A Hellenized settlement in the Heraian hills W of Syracuse; the ancient name is unknown. The site had strategic importance, for it controlled the pass between the plain of Gela to the S and the valleys of the Caltagirone and Symaithos to the NE. The earliest settlement belongs to the neolithic Stentinello culture and was located on the hill of S. Ippolito, to the NE of the modern city. During the Late Bronze Age Caltagirone was of major importance; a large necropolis of as many as 1500 chamber tombs occupied the slopes of the hill known as La Montagna to the N of town. It belongs to the Pantalica culture (ca. 1250-1000 B.C.); some of the burials are in the form of tholos tombs, suggesting Mycenaean influence, also seen in ceramic shapes. Less is known about the Early Iron Age. Greeks arrived in the early 6th c. and settled on the hill of S. Luigi, under the modern town. Only a few graves have been excavated, mostly of the 5th c. and later; the burial types are Geloan, perhaps indicating Geloan control of the site in the early 5th c. Excellent red-figure pottery of the 4th c. is also known.
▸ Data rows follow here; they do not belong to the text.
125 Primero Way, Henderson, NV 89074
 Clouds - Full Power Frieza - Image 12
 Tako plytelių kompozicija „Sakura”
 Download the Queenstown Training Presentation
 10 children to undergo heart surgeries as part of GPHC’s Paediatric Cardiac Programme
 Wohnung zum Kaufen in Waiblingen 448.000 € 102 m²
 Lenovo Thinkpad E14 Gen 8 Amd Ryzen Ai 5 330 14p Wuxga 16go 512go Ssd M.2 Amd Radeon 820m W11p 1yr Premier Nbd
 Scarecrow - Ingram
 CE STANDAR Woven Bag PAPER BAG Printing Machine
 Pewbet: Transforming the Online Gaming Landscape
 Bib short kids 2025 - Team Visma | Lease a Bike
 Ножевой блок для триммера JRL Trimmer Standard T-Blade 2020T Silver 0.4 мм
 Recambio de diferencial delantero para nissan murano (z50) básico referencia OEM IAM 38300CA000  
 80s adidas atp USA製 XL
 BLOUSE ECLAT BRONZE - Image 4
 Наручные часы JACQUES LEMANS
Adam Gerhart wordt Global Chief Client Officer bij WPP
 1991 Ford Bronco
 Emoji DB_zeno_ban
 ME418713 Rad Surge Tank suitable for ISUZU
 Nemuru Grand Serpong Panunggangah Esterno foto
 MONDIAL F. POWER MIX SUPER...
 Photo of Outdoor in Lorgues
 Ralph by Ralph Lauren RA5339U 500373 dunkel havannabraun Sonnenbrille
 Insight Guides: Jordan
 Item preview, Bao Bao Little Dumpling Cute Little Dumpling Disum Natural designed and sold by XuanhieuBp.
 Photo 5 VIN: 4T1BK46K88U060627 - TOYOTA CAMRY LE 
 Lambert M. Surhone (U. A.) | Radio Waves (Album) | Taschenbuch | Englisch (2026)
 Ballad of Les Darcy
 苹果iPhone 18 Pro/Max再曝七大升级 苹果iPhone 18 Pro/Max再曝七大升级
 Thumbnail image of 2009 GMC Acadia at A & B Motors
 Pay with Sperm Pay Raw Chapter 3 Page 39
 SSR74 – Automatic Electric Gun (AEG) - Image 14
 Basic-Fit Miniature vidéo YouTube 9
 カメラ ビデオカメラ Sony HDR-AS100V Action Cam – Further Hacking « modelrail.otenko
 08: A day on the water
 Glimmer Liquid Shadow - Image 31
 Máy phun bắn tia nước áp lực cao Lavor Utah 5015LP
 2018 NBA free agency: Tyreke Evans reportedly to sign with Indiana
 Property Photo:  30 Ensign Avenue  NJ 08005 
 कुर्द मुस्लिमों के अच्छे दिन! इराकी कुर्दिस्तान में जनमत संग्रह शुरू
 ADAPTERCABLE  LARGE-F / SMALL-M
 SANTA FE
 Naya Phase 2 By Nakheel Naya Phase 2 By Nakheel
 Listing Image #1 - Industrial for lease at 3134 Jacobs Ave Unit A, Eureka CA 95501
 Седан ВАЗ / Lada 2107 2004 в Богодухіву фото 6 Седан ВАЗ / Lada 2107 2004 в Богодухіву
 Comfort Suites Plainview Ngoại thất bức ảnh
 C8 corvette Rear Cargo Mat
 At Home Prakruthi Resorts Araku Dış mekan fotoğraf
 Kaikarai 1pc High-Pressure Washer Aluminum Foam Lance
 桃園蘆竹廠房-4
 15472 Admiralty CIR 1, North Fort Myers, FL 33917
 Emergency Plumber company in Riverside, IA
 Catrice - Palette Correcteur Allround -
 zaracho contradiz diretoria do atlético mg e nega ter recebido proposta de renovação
An archaic stele and most of the pottery from the site are in the fine local museum.


BIBLIOGRAPHY

S. Ippolito: P. Orsi, BPI (1928) 82ff; L. BernabòBrea, Sicily before the Greeks (1966) 80ff. La Montagna: P. Orsi, NSc (1904) 65ff; L. Bernabò Brea, op.cit. 145f, 161f. S. Luigi: T. J. Dunbabin, The Western Greeks (1948) 113f; G. Libertini, MonAnt 28 (1922) 101ff.